Archive for the Answers To Category

Impact Hyperbole: A Dilemma of Contemporary Debate Practice

Posted in Answers To with tags on August 26, 2010 by Toni N.

It seems as though debate is stuck in a loop of nuclear wars and no value to life. We have a difficult time of conceiving of a terminal impact that doesn’t end in some ultimate destruction. Without terminal impacts such as nuclear war or the root of all claims, we have a tough time comparing and weighing impacts.

Our arguments for spill over connect even the most improbable of scenario’s. Take for example our Africa war arguments. Given that Africa, as a continent, largely lack nuclear capabilities the chances of a conflict escalating in this area of the world are slim at best, but still debate returns to evidence written by The Rabid Tiger Project. In fact if you google”, you will find the great majority of the hits are debate links. This particular scenario is largely a debate creation and the scholarly world around it seems to have largely dismissed this single article as lacking credibility. Even in a debate context, this particular evidence is difficult to take seriously with a big debate on the line.

Beyond the most terrible of impact evidence though, a world of equally terrifying scenario’s exist. According to the debate community, we face nuclear war because of any of the following: economic collapse in any number of countries across the globe, a lack of US leadership, use of US hard power (pre-emption, imperialist expansion, etc), India-Pakistan conflict, Middle East escalation, Iran nuclearization, capitalism, the lack of capitalism, patriarchy, racism, nuclear terrorism, US response to a terrorist attack, Taiwan independence, Chinese collapse, Russian aggression, Russian collapse, or accidental launch of nuclear weapons. That’s a short list and I am certain it doesn’t contain all the ways a nuclear war could break out as described in debate scenarios. If one listened closely to the debate community, a sense of inevitable doom would most certainly replace any belief in a long life.

As much as it would seem I am poking fun at the policy debate community, kritik debaters caught in the same loop. External impacts to our criticisms are often extinction claims. A great number of K’s end in root of all claims or no value to life claims. In a very similar pattern, our kritiky impacts reflect the same sense of terminal destruction we find in the policy community we often subject to kritik.

Possibly living under the sword of Damocles has had more impact on our psyche than Americans give it credit. Possibly living in the information age has resulted in the ability to read any old nut as great impact evidence without the effective critical thinking skills to discern who or what qualifies as credible. Possibly debate as a community lacks a language by which to communicate the dangers of racism, sexism, homophobia, economic justice, poor foreign relations, or terrorism.

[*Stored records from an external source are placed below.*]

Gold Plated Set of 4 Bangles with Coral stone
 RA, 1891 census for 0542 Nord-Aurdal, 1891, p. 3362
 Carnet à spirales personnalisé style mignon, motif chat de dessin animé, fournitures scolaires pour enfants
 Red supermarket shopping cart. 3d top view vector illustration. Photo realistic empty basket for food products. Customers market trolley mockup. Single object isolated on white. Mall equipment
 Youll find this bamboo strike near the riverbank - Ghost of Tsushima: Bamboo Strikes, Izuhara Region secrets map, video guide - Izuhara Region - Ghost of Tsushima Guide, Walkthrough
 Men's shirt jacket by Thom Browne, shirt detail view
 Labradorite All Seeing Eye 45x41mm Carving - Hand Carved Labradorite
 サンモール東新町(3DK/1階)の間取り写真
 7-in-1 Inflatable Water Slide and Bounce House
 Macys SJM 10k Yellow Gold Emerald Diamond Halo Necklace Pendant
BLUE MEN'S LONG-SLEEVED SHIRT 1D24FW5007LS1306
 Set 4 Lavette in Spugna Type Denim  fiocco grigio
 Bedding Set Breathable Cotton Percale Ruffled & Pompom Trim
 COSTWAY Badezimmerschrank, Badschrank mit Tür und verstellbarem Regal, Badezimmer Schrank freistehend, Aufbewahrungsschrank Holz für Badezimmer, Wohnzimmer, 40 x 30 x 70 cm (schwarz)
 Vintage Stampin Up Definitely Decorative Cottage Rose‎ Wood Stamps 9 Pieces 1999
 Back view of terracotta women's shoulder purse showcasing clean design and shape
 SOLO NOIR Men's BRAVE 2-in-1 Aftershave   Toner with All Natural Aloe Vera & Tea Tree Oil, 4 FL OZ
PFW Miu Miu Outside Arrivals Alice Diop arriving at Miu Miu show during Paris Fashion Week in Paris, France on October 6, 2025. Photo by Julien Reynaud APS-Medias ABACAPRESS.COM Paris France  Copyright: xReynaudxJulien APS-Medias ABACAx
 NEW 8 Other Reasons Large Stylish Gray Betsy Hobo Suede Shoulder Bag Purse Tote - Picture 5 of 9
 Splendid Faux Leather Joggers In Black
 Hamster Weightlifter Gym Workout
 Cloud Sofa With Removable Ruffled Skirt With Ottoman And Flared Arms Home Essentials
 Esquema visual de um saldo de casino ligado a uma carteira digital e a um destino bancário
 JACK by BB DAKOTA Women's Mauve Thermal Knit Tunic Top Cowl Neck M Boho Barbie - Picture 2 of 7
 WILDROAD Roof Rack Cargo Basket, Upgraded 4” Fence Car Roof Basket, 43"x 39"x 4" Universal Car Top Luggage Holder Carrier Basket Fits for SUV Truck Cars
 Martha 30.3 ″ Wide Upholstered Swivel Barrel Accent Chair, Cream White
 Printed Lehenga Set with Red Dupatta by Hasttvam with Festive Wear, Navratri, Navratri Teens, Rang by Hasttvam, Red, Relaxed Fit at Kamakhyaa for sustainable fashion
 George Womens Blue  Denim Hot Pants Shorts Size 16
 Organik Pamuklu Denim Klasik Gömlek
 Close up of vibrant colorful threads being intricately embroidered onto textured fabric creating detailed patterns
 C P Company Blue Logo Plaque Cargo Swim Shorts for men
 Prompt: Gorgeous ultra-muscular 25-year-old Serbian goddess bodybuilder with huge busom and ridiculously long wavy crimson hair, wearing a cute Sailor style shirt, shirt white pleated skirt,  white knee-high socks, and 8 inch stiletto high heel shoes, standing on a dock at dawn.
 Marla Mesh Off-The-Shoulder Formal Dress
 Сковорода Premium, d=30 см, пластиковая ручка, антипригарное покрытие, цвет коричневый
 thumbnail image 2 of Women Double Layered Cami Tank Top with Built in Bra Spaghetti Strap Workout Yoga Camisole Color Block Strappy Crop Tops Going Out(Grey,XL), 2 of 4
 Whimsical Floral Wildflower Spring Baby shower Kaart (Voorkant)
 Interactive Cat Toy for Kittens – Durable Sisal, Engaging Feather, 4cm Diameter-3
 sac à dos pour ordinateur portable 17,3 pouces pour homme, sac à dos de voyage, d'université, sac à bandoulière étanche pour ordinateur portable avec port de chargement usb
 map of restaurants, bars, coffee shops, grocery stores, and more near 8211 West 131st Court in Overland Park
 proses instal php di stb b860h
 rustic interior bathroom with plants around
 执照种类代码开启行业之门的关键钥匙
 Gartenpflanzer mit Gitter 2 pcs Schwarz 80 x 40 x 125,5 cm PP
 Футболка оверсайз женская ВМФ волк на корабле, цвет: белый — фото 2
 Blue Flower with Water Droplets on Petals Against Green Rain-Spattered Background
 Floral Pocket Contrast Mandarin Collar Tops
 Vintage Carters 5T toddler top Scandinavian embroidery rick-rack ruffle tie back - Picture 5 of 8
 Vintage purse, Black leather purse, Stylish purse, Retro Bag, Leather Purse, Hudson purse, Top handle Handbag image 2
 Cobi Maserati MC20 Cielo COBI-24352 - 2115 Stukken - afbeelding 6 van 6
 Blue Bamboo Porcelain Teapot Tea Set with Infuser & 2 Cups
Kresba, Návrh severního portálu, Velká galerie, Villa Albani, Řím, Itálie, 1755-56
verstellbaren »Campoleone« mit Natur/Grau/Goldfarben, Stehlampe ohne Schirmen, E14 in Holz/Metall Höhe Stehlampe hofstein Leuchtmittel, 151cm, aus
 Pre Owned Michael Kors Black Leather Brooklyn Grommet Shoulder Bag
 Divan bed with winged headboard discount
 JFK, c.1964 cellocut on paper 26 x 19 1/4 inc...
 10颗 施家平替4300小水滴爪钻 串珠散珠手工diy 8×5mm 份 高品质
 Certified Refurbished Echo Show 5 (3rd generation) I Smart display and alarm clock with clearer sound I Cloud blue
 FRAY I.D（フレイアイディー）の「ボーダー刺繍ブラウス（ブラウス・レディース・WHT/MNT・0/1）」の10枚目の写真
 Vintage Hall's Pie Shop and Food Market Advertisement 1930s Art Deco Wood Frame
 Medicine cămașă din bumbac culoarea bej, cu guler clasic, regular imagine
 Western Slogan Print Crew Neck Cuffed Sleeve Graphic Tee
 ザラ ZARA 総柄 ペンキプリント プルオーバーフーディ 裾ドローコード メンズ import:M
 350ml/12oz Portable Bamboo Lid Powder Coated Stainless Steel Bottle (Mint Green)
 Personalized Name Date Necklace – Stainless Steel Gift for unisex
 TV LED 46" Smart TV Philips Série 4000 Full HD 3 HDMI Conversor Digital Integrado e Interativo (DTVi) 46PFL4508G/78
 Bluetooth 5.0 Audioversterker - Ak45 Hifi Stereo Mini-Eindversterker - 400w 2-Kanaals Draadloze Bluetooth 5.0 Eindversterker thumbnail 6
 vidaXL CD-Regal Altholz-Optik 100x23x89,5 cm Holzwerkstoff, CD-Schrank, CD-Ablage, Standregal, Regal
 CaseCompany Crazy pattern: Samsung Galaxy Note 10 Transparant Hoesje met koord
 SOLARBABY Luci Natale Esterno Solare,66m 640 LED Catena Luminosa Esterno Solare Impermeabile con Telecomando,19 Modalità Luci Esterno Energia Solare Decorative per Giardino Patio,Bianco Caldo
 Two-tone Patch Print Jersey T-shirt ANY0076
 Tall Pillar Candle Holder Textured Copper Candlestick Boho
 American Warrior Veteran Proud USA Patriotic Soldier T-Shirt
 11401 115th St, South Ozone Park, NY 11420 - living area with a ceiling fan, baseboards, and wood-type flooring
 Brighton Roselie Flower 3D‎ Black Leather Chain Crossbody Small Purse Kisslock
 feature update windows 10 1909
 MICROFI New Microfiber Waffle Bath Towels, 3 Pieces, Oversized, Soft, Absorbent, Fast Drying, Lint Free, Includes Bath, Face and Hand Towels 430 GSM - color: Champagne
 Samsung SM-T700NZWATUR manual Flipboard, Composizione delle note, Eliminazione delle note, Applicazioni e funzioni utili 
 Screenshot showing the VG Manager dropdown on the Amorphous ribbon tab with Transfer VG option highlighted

Is this tumble into impact hyperbole a problem? Well, it definitely does not reflect the sort of care a scholar takes in his/her work. It lacks the humility of limited claims backed only with probable warrants. Although there are some scenarios which could escalate into extinction or which do explain important pre-conditions for violence or meaningful living, these scenarios are much more limited than the debate community gives credence. In theory, the repetition of these hyperboles naturalize them or, at least, make them appear natural/normal. Our community convinces itself the impacts we discuss are credible threats. We are a population believing in an exaggerated reality – a hyper real if you will. Before we give ourselves the credit of knowing that our impacts are exaggerated, let us consider those of us who move on to work in think tanks or write law reviews who assess the threats of nuclear wars to the United States. In fact, this honor, think tank writer, is given out at the NDT every year.

Perhaps a better question is, what is the value of our current impact debate? We don’t really help avoid nuclear wars or prevent violence by making every possible interaction into a discussion of the potential for either. If all of these scenarios result in gruesome ending for life on Earth, then the issues become very muddled. The result may be a sort of nihilism which in its conclusion is more Darwinian than Nietzsche.

If we decide there is a impact hyperbole problem, what then is the alternative? Of course, the literature is our guide to a sensible form of impact debate, but we wouldn’t be in this predicament without literature. No debater asserts these impacts; they read cards. Cards = Truth Currency. A solution is a better internal link debate. How do the scenarios unfold? To examine the internals means examining all the many different ways the world would intervene in order to prevent the terminal impact from occurring. Debate judges can only work with what debaters give them, but we too must be willing to tell a team their impacts are overblown when this argument is part of the debate. Giving a debate ballot to the team who finds a 1% risk of extinction is a silly judging paradigm at best. At worst, it reflects a lack of critical thinking on the part of a debate critic. I am most definitely not saying critics should intervene and make impact arguments that are not in the debate, but giving more weight to impact defense is an important start to reign in our impact hyperbole.

What do you think K audience? Is contemporary impact debate a problem? If so, how should we resolve the race to the bottom of the impact barrel?